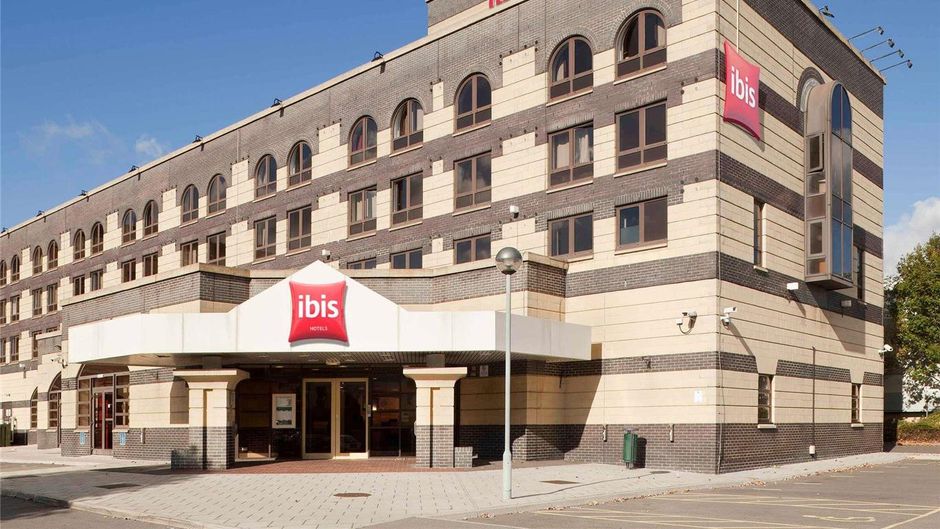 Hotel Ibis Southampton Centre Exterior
====================
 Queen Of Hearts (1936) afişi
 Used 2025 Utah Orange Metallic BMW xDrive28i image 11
====================
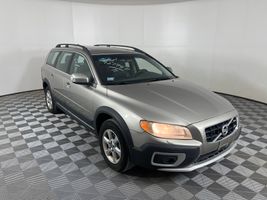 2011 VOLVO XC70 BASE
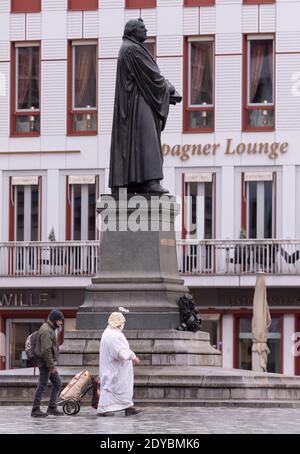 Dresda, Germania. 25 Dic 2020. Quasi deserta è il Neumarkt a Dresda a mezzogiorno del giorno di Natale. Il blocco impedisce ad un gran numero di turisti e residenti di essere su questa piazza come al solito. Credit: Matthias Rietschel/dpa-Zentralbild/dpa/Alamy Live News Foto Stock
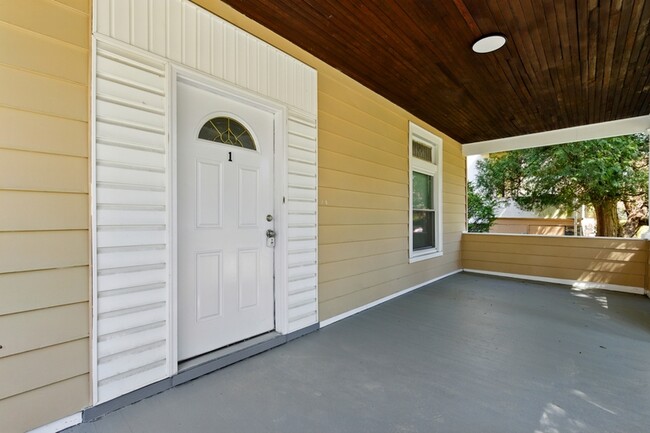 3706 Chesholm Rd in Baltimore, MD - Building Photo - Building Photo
====================
Directions:
Once the line with "Dresda, Germania. 25" is found in the data above, reproduce it and each line after it exactly, through the line with "3706 Chesholm Rd". Omit the pictures.

Response to the exercise:
 Dresda, Germania. 25 Dic 2020. Quasi deserta è il Neumarkt a Dresda a mezzogiorno del giorno di Natale. Il blocco impedisce ad un gran numero di turisti e residenti di essere su questa piazza come al solito. Credit: Matthias Rietschel/dpa-Zentralbild/dpa/Alamy Live News Foto Stock
 3706 Chesholm Rd in Baltimore, MD - Building Photo - Building Photo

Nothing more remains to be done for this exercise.